Trends and Best Practices in Alumni Associations

January 2015

Trends and Best Practices in Alumni Associations

1. Alumni organizations are focusing their efforts on market-related activities that have greatest impact, increasingly relying on market information and data to segment programs and create value-centric relationships with their alumni. The result is a shift toward lifetime relationships through a lifecycle model of programs and services. Associations are asking the strategic questions – Where is our greatest value? What should be our priorities? What do we “stop doing? How do we increase our relevance to our alumni and to the university?

2. Alumni engagement through lifecycle interests focuses on a continuum of involvement with the university, beginning as soon as a student enrolls (if not before) and extending through life, with programs provided for all age groups, in local clubs and top-tier regions. Through market research, other feedback from alumni, and ROI analysis, associations are making selected program investments for each life stage. Studies show that nurturing this bond, starting with young alumni, leads to consistent and increased philanthropic support over time. Technology is a prime facilitator.

3. As alumni seek meaningful relationships with their universities, alumni organizations are positioning themselves as “portals” between alumni and alma mater, through programming and communications. As an entry point for alumni into the university, the association’s website typically provides news and information about the university, multiple options for engaging alumni with each other (including social media), access to affinity programs and activities that interest alumni throughout their careers and lives, events on campus and regionally, career services, connections to state legislatures for advocacy work, and ways to give back to the university through involvement and donations. Best practices coordinate the association’s website with the institution’s brand and an “enabler” of services to alumni and their ongoing connection to the institution.
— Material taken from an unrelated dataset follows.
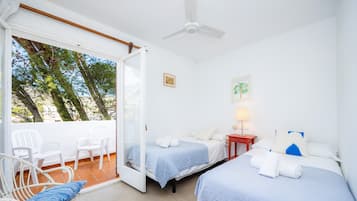 3 habitaciones, tabla de planchar con plancha y wifi gratis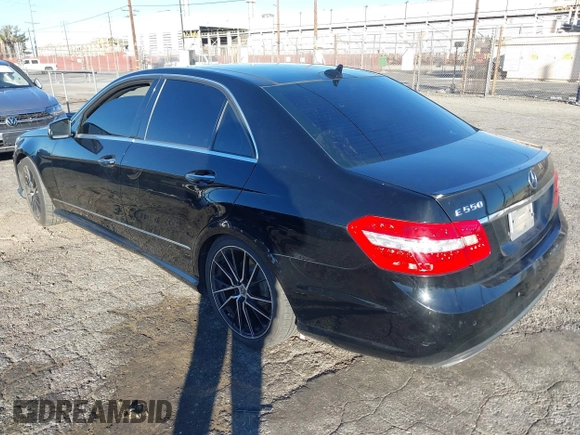 2013 Mercedes-Benz E 550 Sport z VIN WDDHF9BBXDA716236, wystawiony jako IAAI lot #41411124 z przebiegiem 159 401 mil mil oraz . Historia ofert i sprzedaży dostępna na DreamBid. Obrazek 3.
4. Information and data management and analytics are becoming critical success factors for alumni associations as they segment programs and become more market-focused. Shifts to centralized systems that provide key core services and outcomes reduce costs, improve efficiencies, and facilitate high-value alumni programming and communications.

5. Alumni surveyed nationally consistently report that the reputation of alma mater and the increasing equity of their diplomas are key motivators for connectivity. They seek to connect through career, social, and business networking provided by alumni associations. They are interested in learning more about their institution’s academic strengths, how it educates graduates for careers, exciting developments in student-faculty collaborations and research, and opportunities to be exposed to new things and be prepared for a complex and changing world.

6. Declining resources are forcing alumni organizations to thinking differently about alumni engagement. High-touch regional activities in top-tier markets, high-tech activities in smaller and/or remote areas, new technologies to communicate, and revitalized, well-managed alumni volunteer programs are leading these activities. By identifying top-tier regional markets and creating a “regional sales approach,” alumni relations and fundraising development offices are focusing and coordinating their activities, resources, and desired outcomes for both maximum impact and efficiency in target cities across the U.S. and internationally. Their joint efforts are sometimes placed under an “office of engagement,” and increasingly parents are included in these programs. Important to extending the work of the association is strong volunteer leadership and training. ROI analysis drives priorities for regional selection, association budgeting, and high-yield programs.

7. Both private and public universities are recognizing the need for private support and reevaluating membership models as state and federal resources decline and educational costs rise. The right model typically emerges from an association’s strategic plan goals, long-term thinking, buy-in from all institutional and association levels internally and externally, and alumni feedback through surveys. Trends include universal membership, which emphasizes engagement rather than dollars through free services and stratified benefits based on additional levels of support, in an inclusive environment, beginning with student membership. Student fee models begin fostering lifetime commitment. Some institutions have moved to university- or advancement-funded association models (without membership fees). Emerging hybrid models include those that bring in additional revenue through sponsorships and entrepreneurial efforts. These realities have led to strengthened relationships between alumni organizations and university development offices. Numerous studies and institutional experiences have demonstrated the promise of alumni associations as growth engines for overall institutional support, both during and between fundraising campaigns. The annual fund is often the first step to engaged and involved alumni. Some institutions have merged alumni relations and annual fund staffs, adding support, for example, to reunion volunteers, instituting giving campaigns at each five-year reunion interval, creating spell “road shows” to develop relationships with students and young alumni, and investing in technology to facilitate these relationships. Others have created these mutual synergies through coordinated messaging and other structural approaches.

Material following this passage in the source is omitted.